It appears Terry has held a grudge against the league for its recommendations on senior management hires to help him in the transition. He now, like Chain points out will not consider recommendations from “hockey people” aboit “hockey people” and insists on hiring his way like he did at East. OK, its his money.
But he is intriqued by the shiny penny, ala the new age thinking ( see Krueger, Ralph). So why not have someone from outside the sport take a look? Someone who can look at the general attributes of what it takes to ice a competitive product consistently.
I had a chance to sit with Theo Epstein at a meet greet for sponsored by the University of Chicago Booth school of bus. He was a speaker. Extremely interesting conversation at the table after he spoke.
Three highlights:
1. Everything organization can identify a path to success. Where they fail is identifying the value required from each element identified in the plan. Many organizations do not want to break down the analysis to its most basic level. The analogy he used was drafting pitchers. He said the numbers indicate that the investment in developing a top 3 starter isn’t warranted. It is more efficient to buy them on the market. Let someone else pour money into a low,probability of success.
2. Success in a sports organization can only be defined by competitive excellence. It drives the business side. It drives revenue, it drives brand value and all the financial fruits come from that.
3. Players, managers, trainers are commodities. Not investments. Buy what you need. Not every position need be the luxury model. Build a base of productivity as measured against the league average and tailor to suit the individual clubs needs. If you have a short right porch and play 81 home games, leverage that with a sufficient number of guys to take it over the wall in those 82 games. The best rh hitter in the league will not overcome the advantage of the lh hitter having an easier threshold of success. Thus having a midland lh hitter and a enough of them gives you more value from a competitive standpoint than an all star rh hitter.
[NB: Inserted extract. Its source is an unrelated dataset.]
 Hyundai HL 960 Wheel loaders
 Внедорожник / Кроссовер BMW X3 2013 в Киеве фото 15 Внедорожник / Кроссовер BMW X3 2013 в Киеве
I mention this because I think the only way Terry gets outta the way is if he had someone with a similar vision that could be the liaison between operations and ownership. Theo had Jed Hoyer running the day to day, inquiring on trades etc. he just compared proposals to the plan and used the agreed upon measuring tools as arbiter of whether to make a move. The reality is likely to not change if he is in the decision making process going forward.